Restricting 5G suppliers like Huawei could cost added $1bn in investment  

13 January 2020 | Natalie Bannerman

Cover

Restricting competition in 5G network equipment and infrastructure has an adverse effect on global economics, according to a report by Oxford Economics.

In the report, commissioned by Chinese network vendor Huawei, there is a direct cost to countries that block or restrict companies like Huawei – one of the three global leaders in network infrastructure alongside Ericsson and Nokia – from participating.

The research conducted examined all eight leading markets: Australia, Canada, France, Germany, India, Japan, the UK, and the US. In addition, Oxford Economics introduced three alternative scenarios in order to reflect the inherent uncertainty in its analysis, these are referred to as; low cost, central cost and high cost.

The three key results from the report were that;

‘Restricting a key supplier of 5G infrastructure from helping to build a country’s network would increase that country’s 5G investment costs by between 8% and 29% over the next decade. In the US, this translates to an average increase in investment costs of almost $1 billion per year over the next decade, under our central cost scenario’.

The next key takeaway was that ‘the increase in investment costs linked to the restriction of 5G competition would also delay 5G access to millions of people over the next decade. Linked to these investment cost increases, the restriction in competition for 5G infrastructure would lead to delays in the network rollout that mean millions fewer people would be covered by the 5G network in 2023’.

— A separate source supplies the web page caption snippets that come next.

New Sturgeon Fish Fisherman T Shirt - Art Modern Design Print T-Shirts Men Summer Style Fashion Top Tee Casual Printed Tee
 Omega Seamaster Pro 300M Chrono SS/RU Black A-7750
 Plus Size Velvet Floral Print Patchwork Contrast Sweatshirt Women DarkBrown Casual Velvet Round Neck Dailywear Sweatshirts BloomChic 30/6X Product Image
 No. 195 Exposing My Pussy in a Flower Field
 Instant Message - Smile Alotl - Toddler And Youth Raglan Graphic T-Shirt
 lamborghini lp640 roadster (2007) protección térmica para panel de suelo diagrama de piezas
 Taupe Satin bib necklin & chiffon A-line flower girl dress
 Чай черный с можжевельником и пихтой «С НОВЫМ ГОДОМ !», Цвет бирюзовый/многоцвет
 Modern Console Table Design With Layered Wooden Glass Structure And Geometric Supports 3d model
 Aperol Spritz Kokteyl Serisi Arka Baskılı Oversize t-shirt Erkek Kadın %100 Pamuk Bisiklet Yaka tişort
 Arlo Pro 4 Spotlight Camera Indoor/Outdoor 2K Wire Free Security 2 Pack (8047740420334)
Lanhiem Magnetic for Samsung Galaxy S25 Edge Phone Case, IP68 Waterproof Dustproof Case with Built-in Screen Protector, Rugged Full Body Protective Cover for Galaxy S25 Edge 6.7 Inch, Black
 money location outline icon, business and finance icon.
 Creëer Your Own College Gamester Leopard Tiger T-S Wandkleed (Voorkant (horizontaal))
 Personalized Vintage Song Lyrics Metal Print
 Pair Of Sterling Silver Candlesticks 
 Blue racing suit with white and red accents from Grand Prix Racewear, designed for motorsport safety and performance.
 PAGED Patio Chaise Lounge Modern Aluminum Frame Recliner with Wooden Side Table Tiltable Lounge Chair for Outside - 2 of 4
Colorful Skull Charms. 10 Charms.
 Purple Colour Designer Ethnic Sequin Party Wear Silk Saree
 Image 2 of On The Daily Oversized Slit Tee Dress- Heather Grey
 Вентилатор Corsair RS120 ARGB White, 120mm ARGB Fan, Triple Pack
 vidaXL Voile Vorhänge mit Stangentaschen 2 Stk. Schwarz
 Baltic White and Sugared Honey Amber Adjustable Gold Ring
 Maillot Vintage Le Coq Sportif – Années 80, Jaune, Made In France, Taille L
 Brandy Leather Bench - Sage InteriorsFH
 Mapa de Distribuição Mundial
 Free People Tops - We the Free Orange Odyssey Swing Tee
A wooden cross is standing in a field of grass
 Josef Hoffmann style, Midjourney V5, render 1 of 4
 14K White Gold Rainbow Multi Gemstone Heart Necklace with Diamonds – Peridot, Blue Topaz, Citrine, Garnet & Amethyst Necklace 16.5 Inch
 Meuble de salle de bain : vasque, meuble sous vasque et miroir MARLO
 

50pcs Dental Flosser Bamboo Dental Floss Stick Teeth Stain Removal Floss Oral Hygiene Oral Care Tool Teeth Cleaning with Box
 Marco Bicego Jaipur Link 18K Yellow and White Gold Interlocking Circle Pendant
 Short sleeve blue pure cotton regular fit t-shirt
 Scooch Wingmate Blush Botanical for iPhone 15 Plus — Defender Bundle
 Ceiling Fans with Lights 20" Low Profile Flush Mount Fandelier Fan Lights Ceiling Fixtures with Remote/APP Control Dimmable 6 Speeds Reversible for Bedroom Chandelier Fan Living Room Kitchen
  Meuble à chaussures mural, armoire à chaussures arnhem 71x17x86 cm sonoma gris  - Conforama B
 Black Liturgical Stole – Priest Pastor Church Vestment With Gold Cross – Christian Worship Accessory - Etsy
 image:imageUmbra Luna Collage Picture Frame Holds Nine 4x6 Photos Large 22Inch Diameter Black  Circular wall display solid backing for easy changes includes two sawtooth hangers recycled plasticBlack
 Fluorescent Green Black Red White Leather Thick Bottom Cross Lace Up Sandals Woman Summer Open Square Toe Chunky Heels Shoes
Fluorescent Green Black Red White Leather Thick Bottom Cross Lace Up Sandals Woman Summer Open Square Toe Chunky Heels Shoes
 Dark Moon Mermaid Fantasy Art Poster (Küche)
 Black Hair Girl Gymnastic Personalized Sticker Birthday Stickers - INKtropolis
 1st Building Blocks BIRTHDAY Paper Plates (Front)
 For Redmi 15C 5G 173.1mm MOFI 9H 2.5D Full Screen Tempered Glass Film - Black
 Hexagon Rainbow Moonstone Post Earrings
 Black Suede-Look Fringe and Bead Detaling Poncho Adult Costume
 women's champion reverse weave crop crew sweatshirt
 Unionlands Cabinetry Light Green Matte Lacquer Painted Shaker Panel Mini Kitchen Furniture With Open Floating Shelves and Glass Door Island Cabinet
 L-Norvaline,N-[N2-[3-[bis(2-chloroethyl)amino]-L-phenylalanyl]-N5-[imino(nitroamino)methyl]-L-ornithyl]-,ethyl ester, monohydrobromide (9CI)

And lastly that any delay in the buildout of 5G would ‘result in slower technological innovation and reduced economic growth. In our central cost scenario, this would result in reductions to national GDP in 2035 ranging from $2.8 billion in Australia to $21.9 billion in the US.’

The report follows a tumultuous year for Huawei whose official US ban came into effect in May 2019 on the grounds of on the grounds of security and was added to the Depart of Commerce’s entity list. Since then members of the US House of Representatives said it would take steps to subsidising rural operators to replace Huawei and ZTE equipment in their networks.